It's estimated that the world's population is at seven billion, but even out of all those people, finding "the one" is no easy task.
"It's just like looking for a job, it's just like looking for a job,” Kim Johnson says.
FOX8 interviewed Johnson and others for a special series entitled “Summer of Love,” where we share the experiences of people who are getting back into the dating scene along with advice from dating professionals on what people are doing wrong.
Johnson, 46, has been divorced for two years and says it took a while for her to be ready for love again.
"I really did turn into a hermit for a little bit, and I think it's normal that after a divorce you go through that,” she said.

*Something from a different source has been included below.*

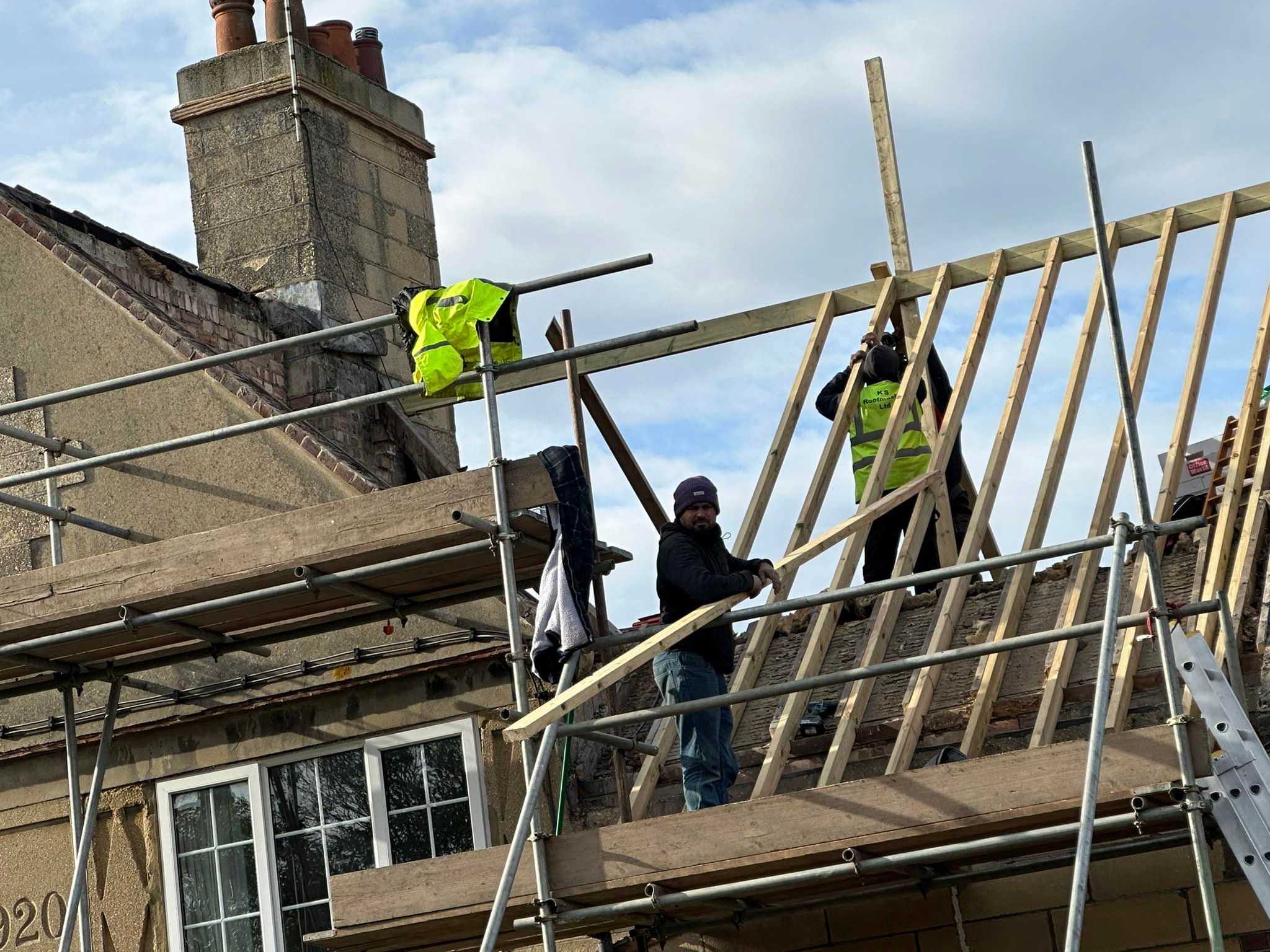 Professional roofers working on a property in London - KS Roof Master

But about eight months ago, she realized it was time to get off the couch and step back into the dating game. The only problem... she quickly noticed things had changed.
"My last date was in the 90s, so coming back into the singles scene it is so different.”

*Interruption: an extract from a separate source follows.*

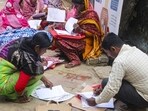 People wait to submit petitions before the Special Tribunal after their names were deleted from the Special Intensive Revision final voter list in West Bengal. (PTI)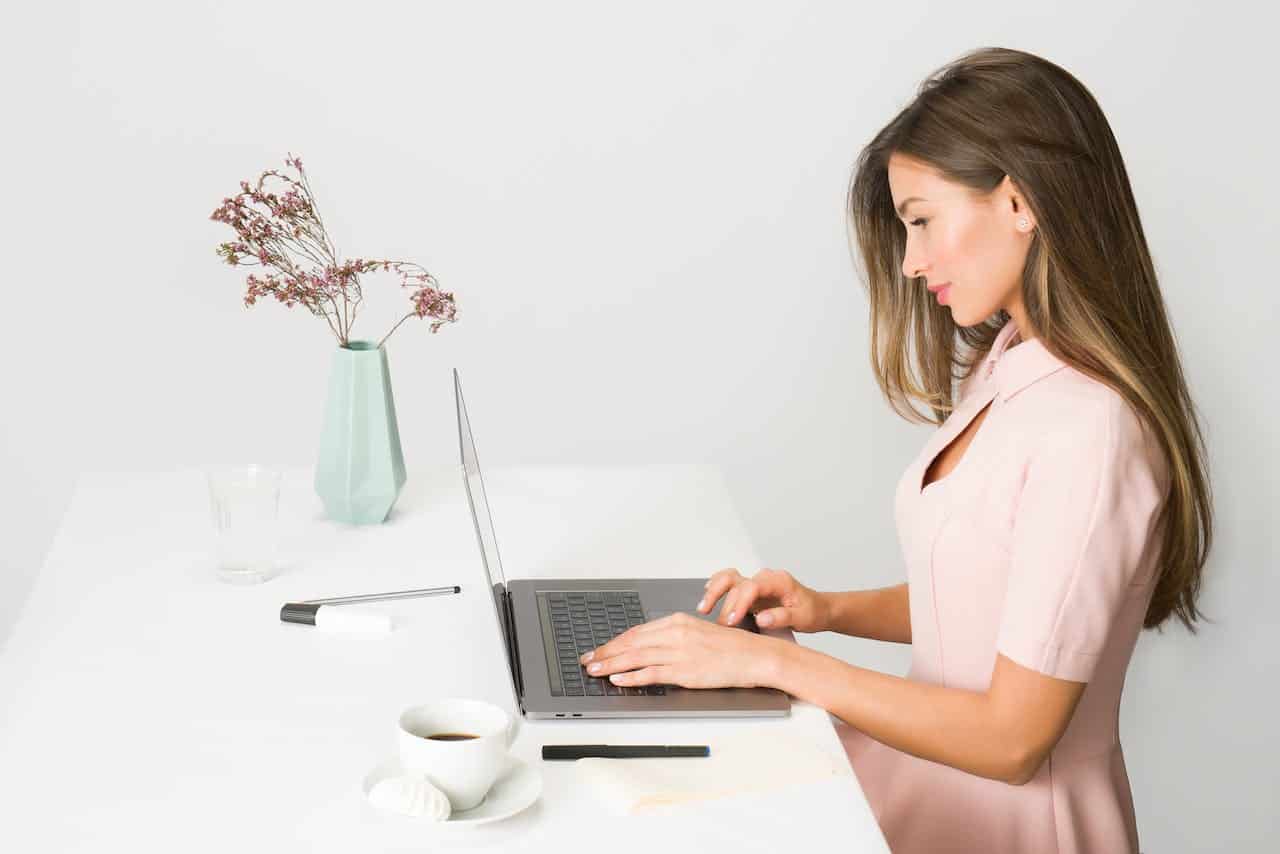 Photo by Moose Photos: https://www.pexels.com/photo/woman-in-pink-dress-using-laptop-computer-1586973/ -- professional woman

Johnson says people were texting instead of talking, and the way she was used to meeting guys didn’t seem to be working.
"When your mom is trying to set you up with all of her friends, and all your friends are trying to set you up with their friends, then what do you do next?
Kim turned to the owner of Carolinas Matchmaker Laurie Berzack, a highly sought after professional matchmaker and dating coach.
"People may not believe they can find love, I think everyone can find love,” Berzack said.
Berzack says one of the best tools you can have when getting back into dating is a new perspective and a willingness to take risks.
"And I think that what happens for women in their 40s and 50s and older, and frankly even 30s, is they become a little sedentary,” Berzack said.
She continued, “They hang out with the same friends they've been hanging out with since they were in their 20s and they've all gotten married and had kids."
Some key advice, expand your network. Don't limit yourself to the environments that are familiar and comfortable.
"You need to get out there and you need to do everything. You need to go to parties, you need to go to meet-ups, you need to get yourself online,” Berzack says.
Berzack also suggests that women don’t get hung up on the physical.
“Don't start getting into he needs to be six foot, he needs to be tall dark and handsome, he needs to have an Ivy-League degree. That's not what I think they should do. What I think they should do is say, "I'm looking for somebody wonderful, do you know anyone for me?"
As a tall woman, Johnson has learned to become open-minded when it comes to height and says she has learned that it’s okay to date a man that is her height or shorter.
Johnson’s journey is a daily one, but says since becoming more assertive with her dating life, her confidence has increased tremendously.
"I would say to other women that are on the couch, on the fence about taking the next step, it is so worth it and I have learned more about myself just going through the process, than I thought I would,” Johnson said.
Berzack adds, "Every single experience you have, you will learn from and that's the beauty of really putting yourself out there and being open."
The “Summer of Love” series will air weekly on the FOX8 4PM news. Each week will focus on a different theme, including what women are doing wrong online and when to date after divorce.